What the exercise asks -> Data follows below. Repeat exactly the lines between the line holding "Profile Picture of" and the line holding "Usata Mazda 2", inclusive, and nothing more; drop pictures.

Source material ->
◆ ◆ ◆ ◆ ◆

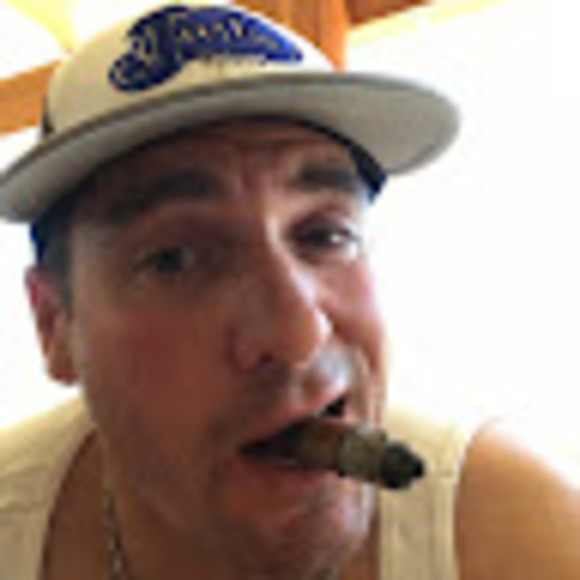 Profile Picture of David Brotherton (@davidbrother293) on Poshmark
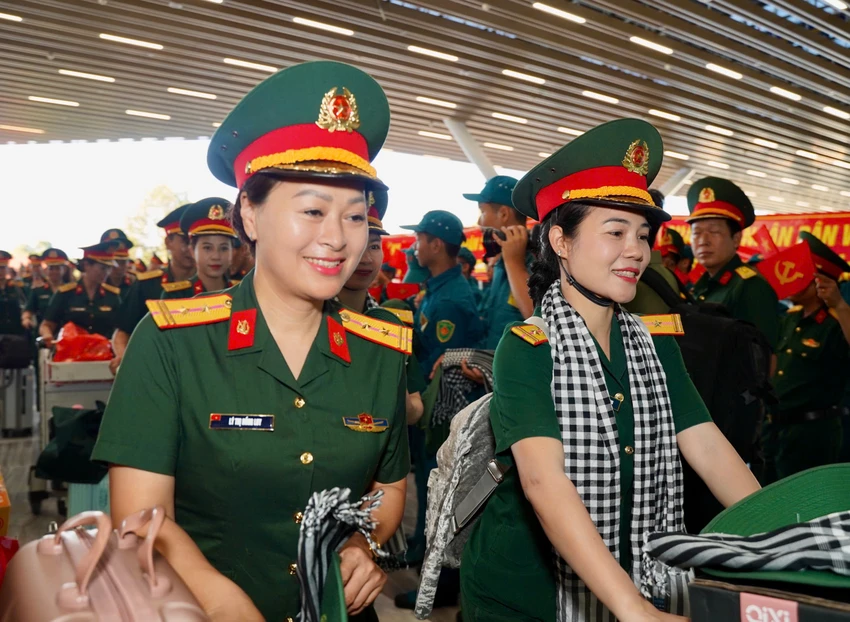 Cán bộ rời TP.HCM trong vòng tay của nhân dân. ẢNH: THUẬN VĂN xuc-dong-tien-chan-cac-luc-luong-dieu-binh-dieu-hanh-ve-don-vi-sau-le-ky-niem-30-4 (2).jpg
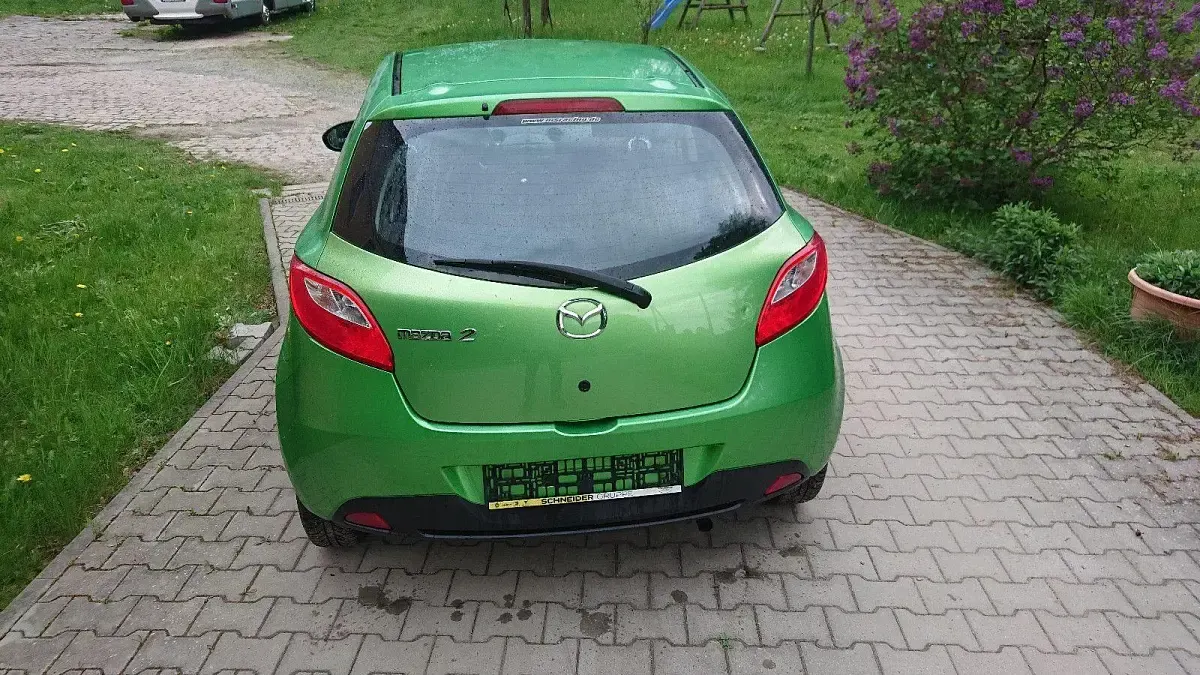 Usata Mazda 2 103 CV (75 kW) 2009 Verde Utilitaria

◆ ◆ ◆ ◆ ◆

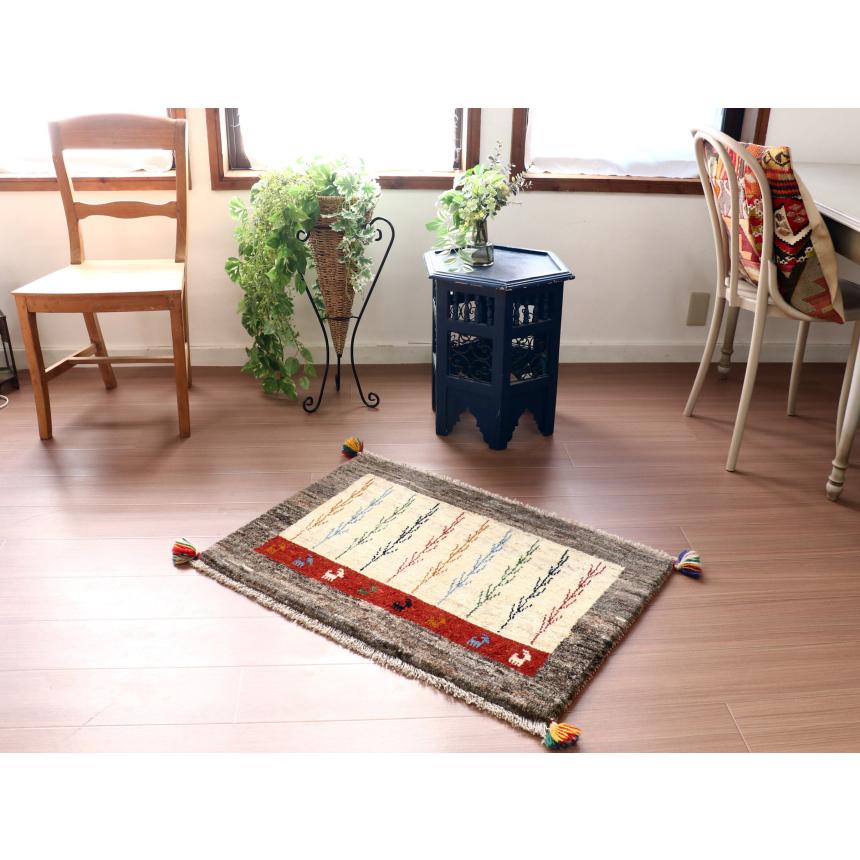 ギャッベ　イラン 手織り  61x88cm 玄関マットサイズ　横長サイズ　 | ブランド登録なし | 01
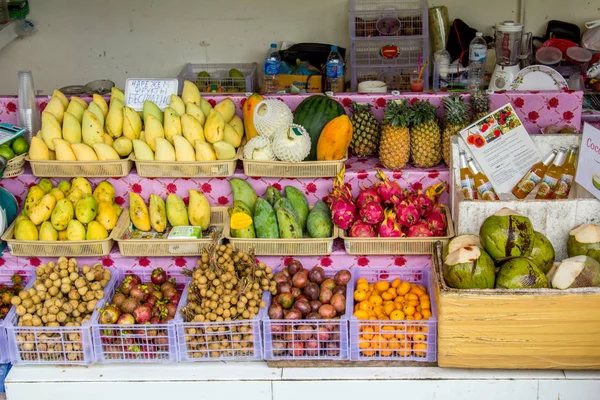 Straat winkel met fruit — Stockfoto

◆ ◆ ◆ ◆ ◆

Output of the task ->
 Profile Picture of David Brotherton (@davidbrother293) on Poshmark
 Cán bộ rời TP.HCM trong vòng tay của nhân dân. ẢNH: THUẬN VĂN xuc-dong-tien-chan-cac-luc-luong-dieu-binh-dieu-hanh-ve-don-vi-sau-le-ky-niem-30-4 (2).jpg
 Usata Mazda 2 103 CV (75 kW) 2009 Verde Utilitaria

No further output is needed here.